Истинная сущность философии постмодернизма выражается символом “ризомы” принципиальной множественности, равнозначности, равноправия и отсутствия иерархии. В философии Декарта, который в этом опирался на античную традицию, знание представлялось как дерево, символизирующее родовые отношения (генеалогическое дерево), иерархию старшего и младшего, общего и частного, где корнями (без которых дерево в принципе нежизнеспособно) являлась метафизика, стволом физика, а ветвями частные науки. Данный символ подчеркивал фундаментальное родство и единство всех наук,, их произрастание из одного корня, взаимосвязь и преемственность. Образ дерева у Делёза заменяется образом “травы” растущей на поверхности и не имеющей единого корня. Корневище травы символизирует собой принципиальную множественность и отсутствие иерархии. Все равнозначно, все можно сравнивать со всем, нет единого центра, единого корня, существует плюрализм равнозначных языковых игр, выстраиваемых по принципу “семейного сходства” Если абсолютных критериев нет, поскольку нет никакой иерархии, то единственным субъективным критерием является в духе Протагора — индивидуальное мнение каждого человека. Дерево классической метафизики, с одной стороны, уходит своими корнями в глубь земли, что символизирует фундаментальность и традиционность, с другой оно стремится вверх, что символизирует связь со сферой трансцендентного. “Ризома, корневище” представляет философию постмодернизма в виде быстро растущего сорняка, поверхностного, пустого и бесполезного.
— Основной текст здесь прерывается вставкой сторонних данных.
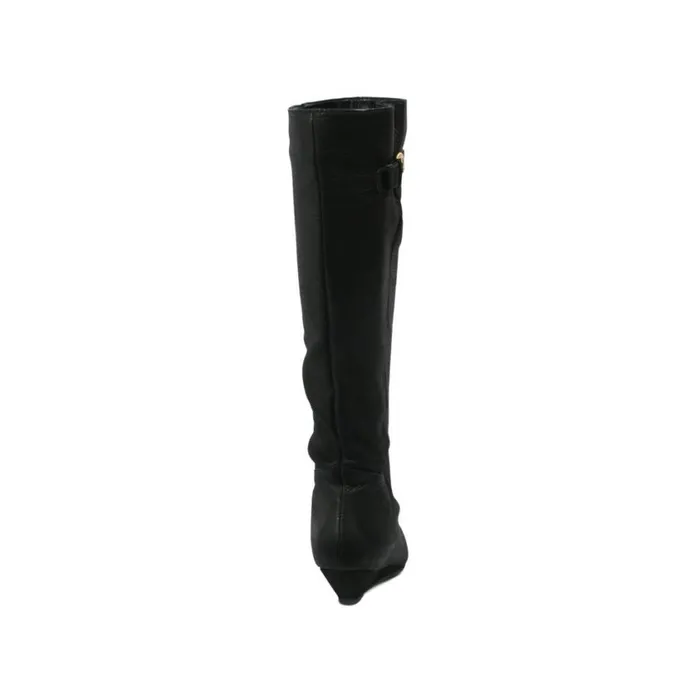 Steve Madden Intyce Black Leather Womens Boots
Ризома также является символом различия, множественности, уникальности и единичности каждого явления. Эта любимая тема постмодернизма является ядром любой неклассической философии, которая противопоставляет классическому стремлению к единству, упорядоченности и структурированности хаотичность, множественность, инаковость. Однако различие в неклассической философии на самом деле является видимостью различия, за которой скрывается плоское и унылое однообразие. Все постмодернисты предлагают совершенно одинаковую критику метафизики, рационализма, системности, иерархии, абсолютной истины, которая мало чем отличается от аналогичной риторики предшественников. Их объединяют общие историко-философские корни в идеях софистов, философии эллинизма, номинализме, эмпиризме Нового времени, французском Просвещении, философии Маркса, Ницше, Фрейда, феноменологии Гуссерля и Сартра, философии Хайдеггера. Постулируемый постмодернизмом принцип различия на деле оказывается лишь декларацией, видимостью и обманом, что для совершенной культуры является обычным делом. В западном обществе потребления за внешними несущественными различиями скрываются удивительно единодушная вера в единые стандарты потребления, поклонение “золотому тельцу” и тотальный диктат серости и посредственности мелкобуржуазного “среднего класса” Критикуя тоталитарный характер империй прошлого, западное общество проводит всю ту же колониальную политику, активно продвигая идеи глобализации на основе единых “демократических” стандартов. С другой стороны, активно пропагандируемый современной философией лозунг всеобщего различия, создающий предпосылки для нового вавилонского смешения, является прикрытием известного принципа “разделяй и властвуй” Его ярким воплощением сегодня выступают посткоммунис- тические “независимые” национальные государства, с их провинциальным патриотизмом, натужным поиском доморощенных Сократов и Юлиев Цезарей, переписыванием истории в угоду политической конъюнктуре. Все это приводит к провинциализации массового сознания и формированию ценностей “моей улицы” или “моего квартала” Провинциализированное сознание становится легким объектом манипуляции и отупляющих пропагандистских приемов, превращаясь в универсального потребителя любых товаров, в безотказный и бездонный рынок потребления.